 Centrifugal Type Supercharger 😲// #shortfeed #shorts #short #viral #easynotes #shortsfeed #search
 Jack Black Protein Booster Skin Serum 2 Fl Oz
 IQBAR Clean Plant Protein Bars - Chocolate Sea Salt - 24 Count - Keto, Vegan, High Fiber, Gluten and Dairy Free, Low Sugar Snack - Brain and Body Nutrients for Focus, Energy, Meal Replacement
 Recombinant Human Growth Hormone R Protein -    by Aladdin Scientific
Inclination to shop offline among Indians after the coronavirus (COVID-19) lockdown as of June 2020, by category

━━━

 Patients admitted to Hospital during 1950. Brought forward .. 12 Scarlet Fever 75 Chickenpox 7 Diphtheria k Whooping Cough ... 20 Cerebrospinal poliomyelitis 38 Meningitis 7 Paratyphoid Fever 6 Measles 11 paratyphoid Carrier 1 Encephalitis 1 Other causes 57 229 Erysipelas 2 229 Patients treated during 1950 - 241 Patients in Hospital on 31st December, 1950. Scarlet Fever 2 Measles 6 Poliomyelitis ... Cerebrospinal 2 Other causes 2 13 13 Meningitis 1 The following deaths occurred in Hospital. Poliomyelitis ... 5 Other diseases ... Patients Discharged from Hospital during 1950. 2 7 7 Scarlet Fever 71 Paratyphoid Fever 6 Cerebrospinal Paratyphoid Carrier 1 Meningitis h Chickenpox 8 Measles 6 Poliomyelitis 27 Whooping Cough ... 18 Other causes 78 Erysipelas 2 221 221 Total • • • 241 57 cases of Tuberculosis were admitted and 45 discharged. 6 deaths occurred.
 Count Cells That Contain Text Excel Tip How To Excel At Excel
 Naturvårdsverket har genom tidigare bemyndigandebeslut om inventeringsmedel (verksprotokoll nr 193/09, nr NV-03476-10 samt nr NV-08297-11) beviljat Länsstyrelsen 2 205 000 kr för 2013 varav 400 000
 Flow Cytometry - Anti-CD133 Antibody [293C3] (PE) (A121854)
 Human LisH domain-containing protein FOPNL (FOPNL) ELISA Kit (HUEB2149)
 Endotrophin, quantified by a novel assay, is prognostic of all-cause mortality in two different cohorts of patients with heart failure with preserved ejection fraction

━━━

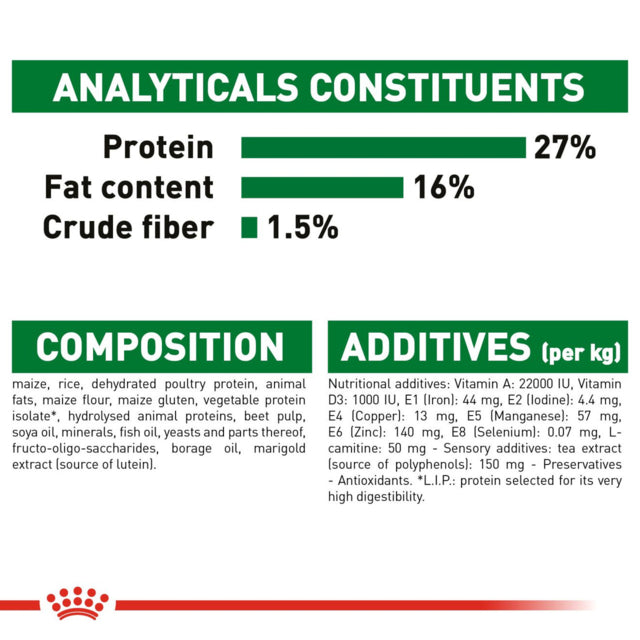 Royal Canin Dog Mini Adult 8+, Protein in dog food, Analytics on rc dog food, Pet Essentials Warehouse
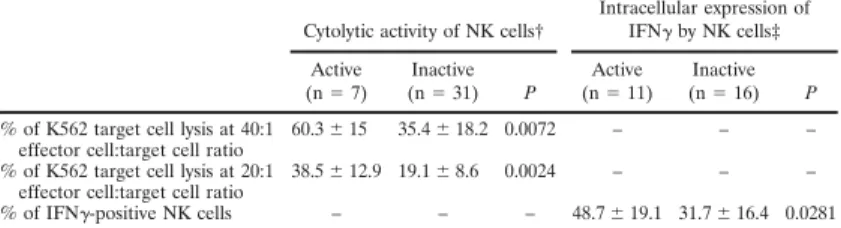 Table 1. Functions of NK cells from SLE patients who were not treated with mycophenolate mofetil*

━━━

• [TRY IT]: All lines above from the one holding "Centrifugal Type Supercharger" to the one holding "Inclination to shop", inclusive, are to be copied exactly; no other line is wanted.

• [REPLY TO THE EXERCISE]:
 Centrifugal Type Supercharger 😲// #shortfeed #shorts #short #viral #easynotes #shortsfeed #search
 Jack Black Protein Booster Skin Serum 2 Fl Oz
 IQBAR Clean Plant Protein Bars - Chocolate Sea Salt - 24 Count - Keto, Vegan, High Fiber, Gluten and Dairy Free, Low Sugar Snack - Brain and Body Nutrients for Focus, Energy, Meal Replacement
 Recombinant Human Growth Hormone R Protein -    by Aladdin Scientific
Inclination to shop offline among Indians after the coronavirus (COVID-19) lockdown as of June 2020, by category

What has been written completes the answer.